Here's the challenge, engineer a Sino-Soviet rapprochement while the Soviet versus West Cold War is still going strong, any time in the three decades between 1959 and 1989.

Qualifying answers to the challenge will at a minimum include a far less tense and expensive military situation on the Sino-Soviet border and far less rhetorical critcism of each other's communist parties. If the rapprochement happens after 1963, double your points.
 
If Mao died at anytime between the late 1950s and 1966 he would be succeeded by Liu Shaoqi, a moderate and known Soviet style planned economy advocate. In fact he was denounced as the "Chinese Khrushchev" for his views.

Liu should get along quite well with Khrushchev, but I don't know if Sino-Soviet relations could survive the Brezhnev Doctrine.
 

raharris1973

Gone Fishin'
Donor
Monthly Donor
Liu Shaoqi and Soviet relations -

I think this is workable one, especially the earlier it happens.

By inclination, Liu would not try to outflank Khrushchev in leftism or militancy. He won't mind rapprochement with Yugoslavia. He may even be less inclined to fight India on the scale Mao did (but he would doubtless defend the road in Ladakh that was built in 1957).
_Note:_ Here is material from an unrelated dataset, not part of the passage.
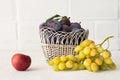 Just picked plums and grapes in wicker basket on white backdrop Royalty Free Stock Photo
The later Mao dies and Liu takes over, perhaps he more there's a risk of a serious leftist threat to him from Lin Biao and those interest groups in Chinese society that like the Cultural Revolution.

It would be hardest for Liu to walk back from confrontation in the years 1962-1964, because Khrushchev's name was so much mud in China. If the transition happened in 1964-1965, although bitterness increased even in the intervening time, it could be easier for Liu to get along, because the ouster of Khrushchev could give Liu the excuse to say the Soviets turned a page.
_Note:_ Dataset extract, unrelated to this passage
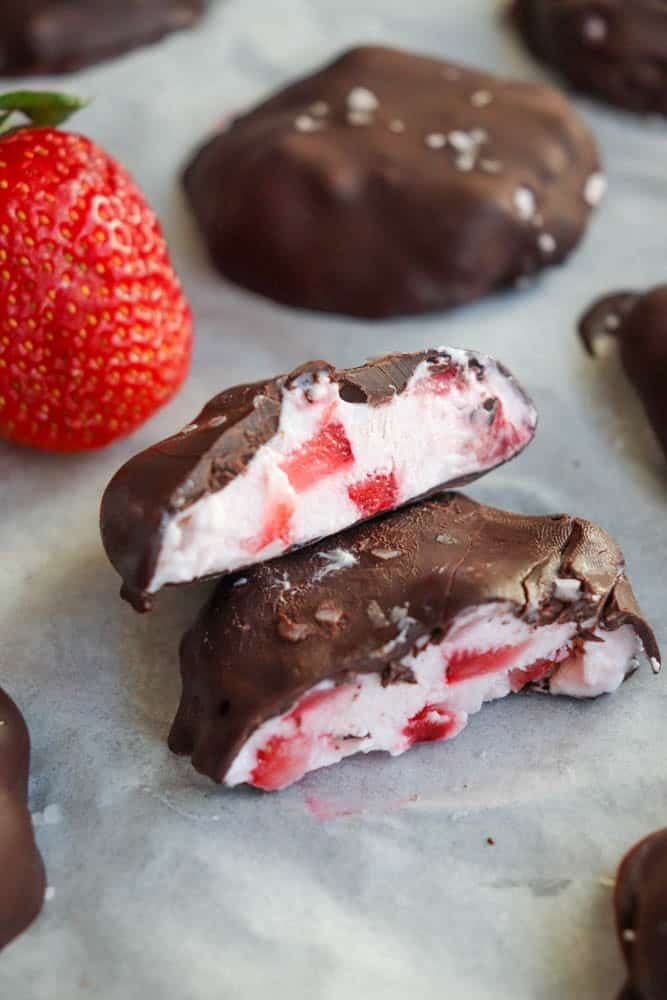 Close-up of chocolate-covered strawberry yogurt bites with two halves showing the creamy yogurt and strawberry inside. A fresh strawberry is nearby, and other chocolate-covered bites are in the background on a parchment paper-lined surface.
The Chinese can just assert themselves gradually. Like Castro, Liu could decide to not make that big a deal out of Czechoslovakia, especially with the Vietnam War going on. If a truly bitter divorce does not occur earlier, Liu could use the negotiations for the renewal of the Sino-Soviet 1950 treaty, which I believe would have been scheduled for 1975 to 1980, to press for a much higher Chinese status in the relationship.


As for the U.S., Liu may not be opposed to rapprochement over the very long run, but he'll be supporting the Hanoi government, and he'll be in less of a security pickle than Mao, who by 1969 managed to get himself in both American *and* Soviet nuclear crosshairs.